There is almost a sub-genre of SF which deals exclusively with war scenarios. These might be between aliens and humans or between human colonies. As with all these adventures, various assumptions are made, one of which being a method of interstellar travel which gets ships from one place to another quickly. There is no point in sending out the troops when the enemy may have extinguished itself before the force arrives. Readers don’t worry about the technology involved; it is the action that counts, and the number of corpses that results. This is not normally the territory that Alastair Reynolds usually ventures into so it is refreshing to find that in this novelette, this is just the background against which the characters have been shaped.

As the story opens, a ceasefire has been declared. The factions are no longer officially at war. Always, though, there are renegades who will push the limits, feigning ignorance about the actual state of affairs, simply because they enjoy what they do and don’t see why they have to stop. Orvin likes hurting people. On the cusp of peace he has captured Scur, a soldier from the other side. He knows all about her because all soldiers are fitted with slow bullets. These devices are a futuristic version of dog tags. They contain all information about the person they are inside and it can easily be read. Normally, they move at a very slow speed through the body so that the tissues are barely disrupted. Orvin’s method of torture is to insert one going faster and causing excruciating pain during its passage. When Orvin has to leave in a hurry she has the opportunity to try and cut it out.

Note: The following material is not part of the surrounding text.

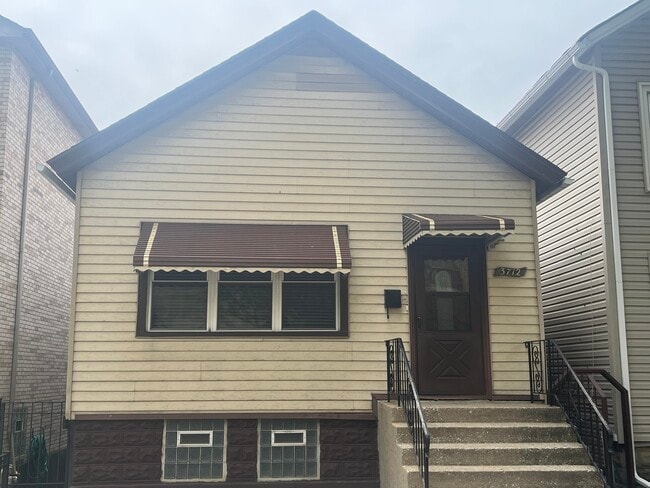 Primary Photo - 3712 S Union Ave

This is just a precursor to real action and an introduction to the device which is to play an essential part in the plot. Scur wakes up aboard a military prison shop. She and the other ‘passengers’ are being transported as cargo to Tottori in hibernation. What initially seems to be a simple problem with the ship becomes more serious as she and the remnants of crew discover that they have been drifting in orbit for hundreds of years, that all the surviving sleepers are being revived. Amongst them are war criminals from both sides, as well as civilians, and to them the reasons (basically very trivial) of the conflict are clear in their minds as well as the hatred for their perceived enemies. Among them is Orvin. Scur and her new colleagues have multiple problems to solve if they are to survive, the biggest one is to overcome the problem that the ships systems are slowly leaking information and they need to find ways of preserving it. To do that a compromise needs to be found so that the different factions are able to work together.

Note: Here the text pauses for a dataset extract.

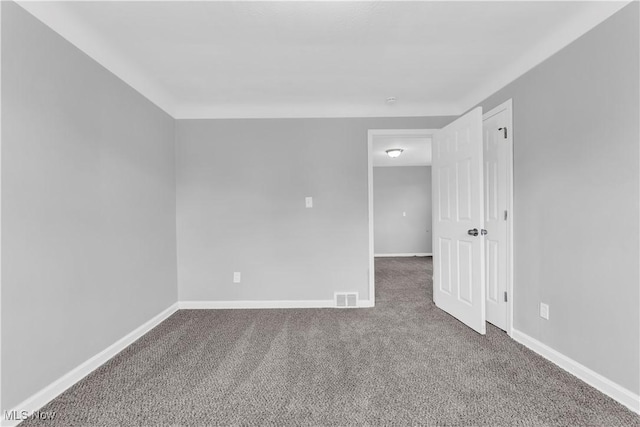 3670 E 138th St, Cleveland, OH 44120 - carpeted spare room with baseboards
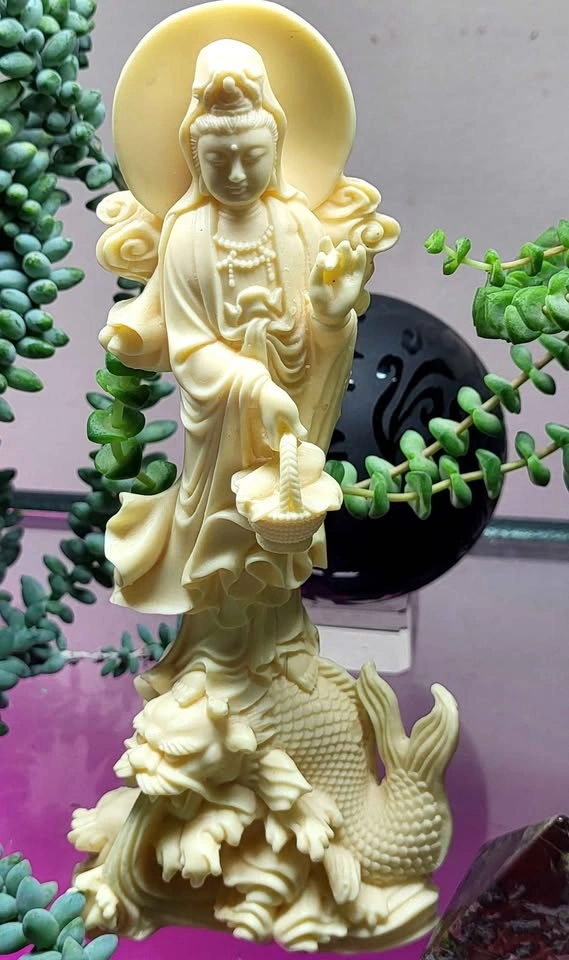 Guanyin hand carved statue - photo 5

In this book, Reynolds wraps a number of themes in a relatively few pages. Some of them will feel like familiar tropes from the SF catalogue but it is the way that he deals with them that is original. For those who do not want to face one of Reynolds’ huge tomes as an introduction to his work, this a good place to start to get an idea of his style and ingenuity before embarking on such as Revelation Space series. Then get stuck in to the rest of his oeuvre.